There is so much we don't know about what happened in Ferguson, Missouri, on August 9 – so much that we'll never know. And even if Officer Darren Wilson had been indicted and tried for the killing of Michael Brown, we might not have learned much that we don't know right now.
But Darren Wilson wasn't indicted, and he won't stand trial. And we're left with yet another spotlight on the racial division, the lack of understanding, and the racism that continue to plague the country.
Overt racism has been on flaming display since the story of Michael Brown's death hit the news. A typical example is the hatred unleashed online aimed at Rochester Mayor Lovely Warren, who used her Facebook page after the grand jury announcement to say what many African Americans are feeling.
The vitriol spewed anonymously at Warren is awful, but it's coming from a minority of Rochesterians. Just as serious – maybe more serious – is the enormous divide between people of color and white Americans who would never say such things. We don't know one another, and we don't understand one another. We believe and trust people who are like us. Less so, those who are not. That plays out in the way we view the deaths of Trayvon Martin and Michael Brown. And it plays out in the way the criminal justice system operates.
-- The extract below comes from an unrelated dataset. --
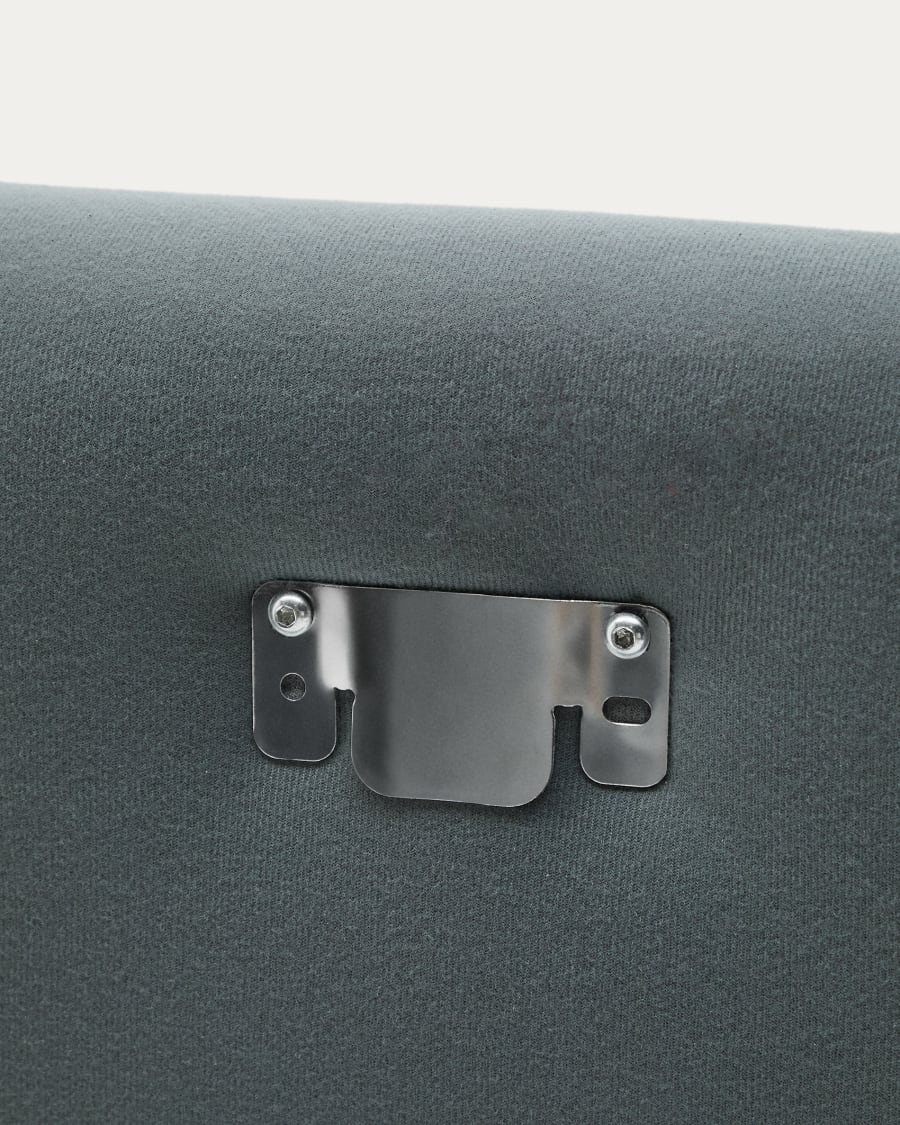 Anthracite grey linen and cotton Jaira headboard with removable cover for a 180 cm FSC Mix Credit bed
From the moment of Michael Brown's death, the justice system failed to serve anybody well. Not Michael Brown or his family and friends. Not Darren Wilson or his police department. Not the residents of Ferguson, black or white.
In a lengthy Washington Post article last week, reporters Jerry Markon and Tom Hamburger detailed some of the problems.
For instance: A federal Justice Department manual describes how police should handle crime scenes and potential suspects. They're supposed to keep suspects under control at the crime scene and confiscate weapons and the suspect's clothing. Instead, once other police arrived at the scene, Wilson drove himself back to the police station, washed blood off of his hands, and put his gun in an evidence bag himself. He assumed that was OK, and no other officers said otherwise.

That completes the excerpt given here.